With all these dimensions, data could grow exponentially. Every data-centric application needs to have a easy interface to retrieve data. Almanac is designed with a fluent API similar to SQL syntax and have a plan to make it into a real query language (AQL) in the future. So that you can record and retrieve the metrics in a intuitive way. Please scroll down to API for detail
One of the most important goal is to handle thousand of metrics concurrently. For fast message delivery, there is not too much popular options to choose from right now. Kinesis and Kafka is on the top list, while zeromq and the old good socket is the easiest and still fast solution (which requires you to handle a lot of problem yourself) Luckily, Spark Streaming supports them all and more! Since we don't have credential to share for Kinesis, I picked kafka (which I've never used before, it's fun to learn).
Pre-aggregation of data is very necessary, so that they become less in amount, with different granularity. For aggregation, map-reduce is powerful. But spark is even better, which has a much easier interface, in-memo storage, and streaming. So data can be aggregated on the fly even before they been saved to database.
How to easily retrieve the data and in short response time is the key of the problem. To archive that, we need to
- Process as less data as possible.
- Distributed data for scalability
- Locally data should be sequential for fast scan.

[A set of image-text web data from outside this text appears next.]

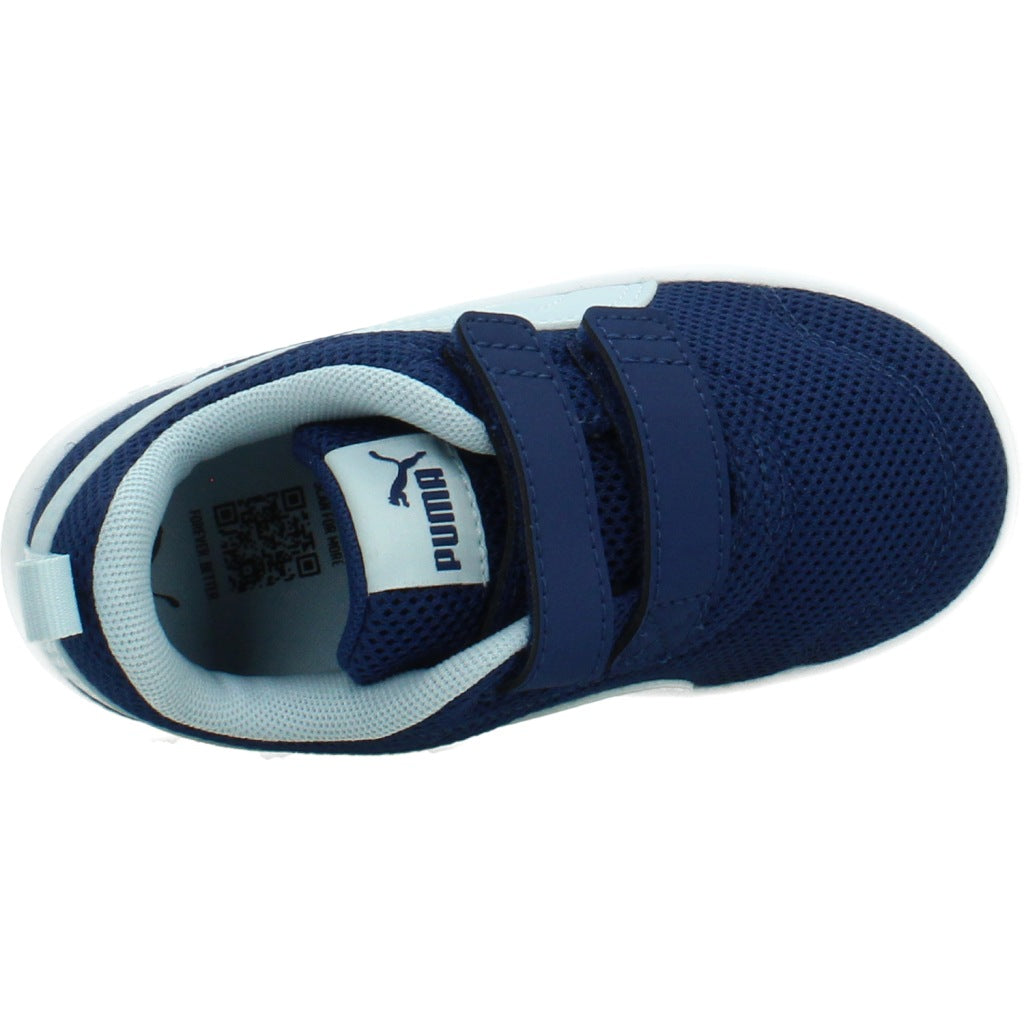 PUMA COURTFLEX V MESH en color AZUL  (7)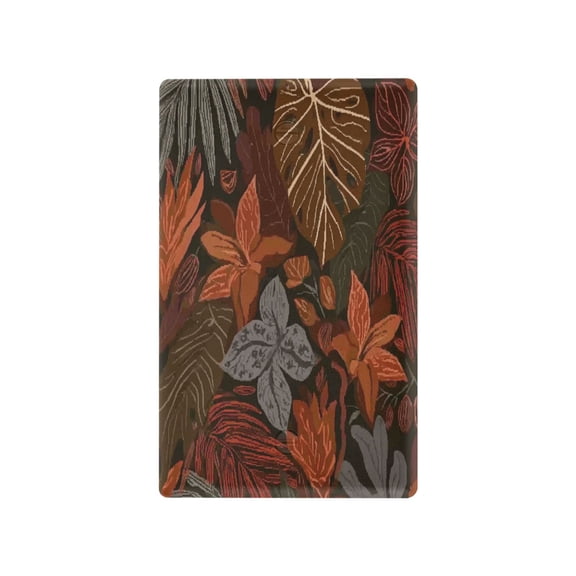 IAUYY Retardant PC Material Unused Outlet Cover Switch Plate Covers Easy DIY Installation with Screws Light Switch Cover Plate Mantara Plant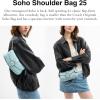 imageCoach Soho Shoulder Bag 25 LHLight Blue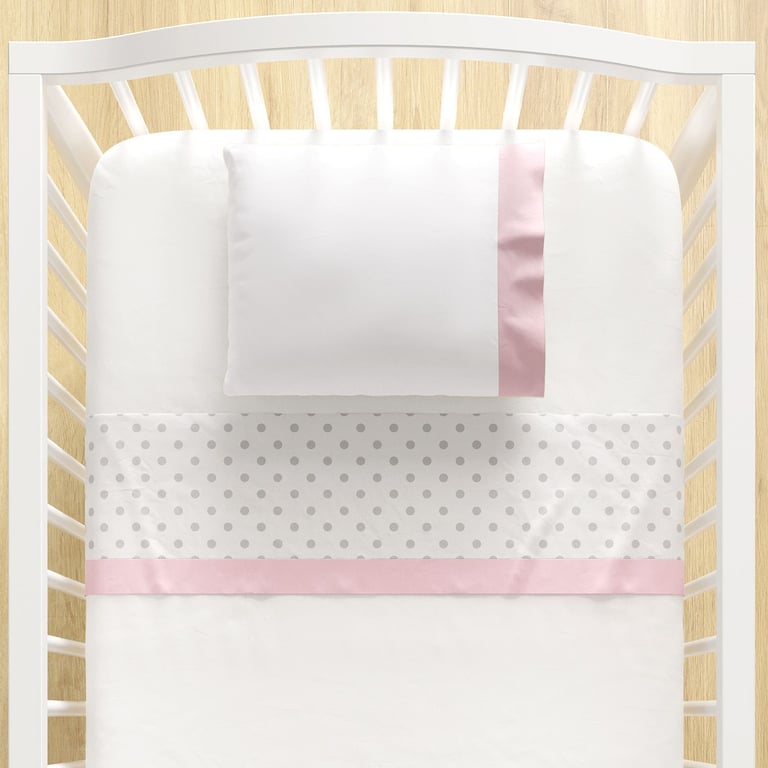 Jogo de Lençol Berço Poá Azul 3 peças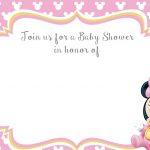 Get New! Free Printable Mickey Mouse Baby Shower Invitation Template   Free Printable Mickey And Minnie Mouse Invitations
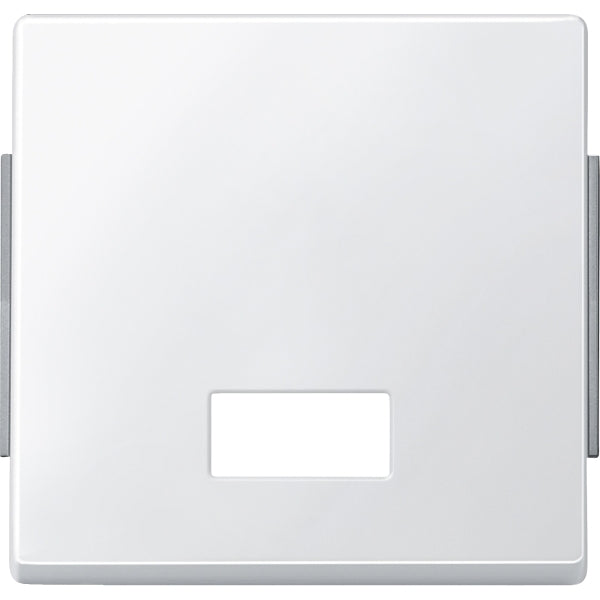 Wippe mit rechteckigem Symbolfenster, polarweiß, AQUADESIGN – 343819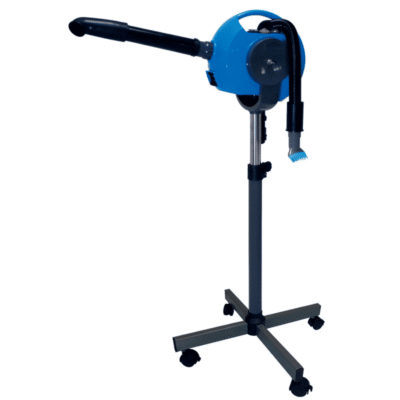 Pulseur silencieux sur pied bleu pour chien - 3000 W Pulseur silencieux sur pied bleu pour chien - 3000 W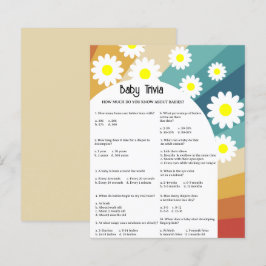 Retro Groovy - Baby Trivia | Baby Showspiel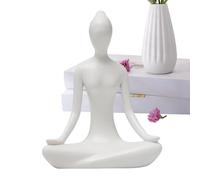 Meditation Statue,Yoga Meditation Pose Sculpture | Abstract Figure Resin Zen Yoga Figurines Meditation Statue for Bookshelf, Home Decor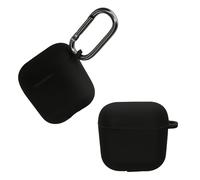 kwmobile Custodia Silicone Cuffie Compatibile con Sennheiser ACCENTUM Open Cover - Custodia Porta Auricolari con Moschettone - Case nero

Distributed Column-based database is the first come to mind, because you can have both distribution and local clustring. There are reasons cassandra are popular. You design the partition key and the clustering key in the way you want, and have a easy query language to interact with. Know how your data is stored so that you can optimize the access. And cassandra has a connector to easy connect with spark. When retieve the preaggregated data, you still need to aggregate facts in real time (because you have no way to know what's the combination of facts to group before query) And keep cassandra and spark partition in sync and aggregate locally before collect to the driver program is a good approach.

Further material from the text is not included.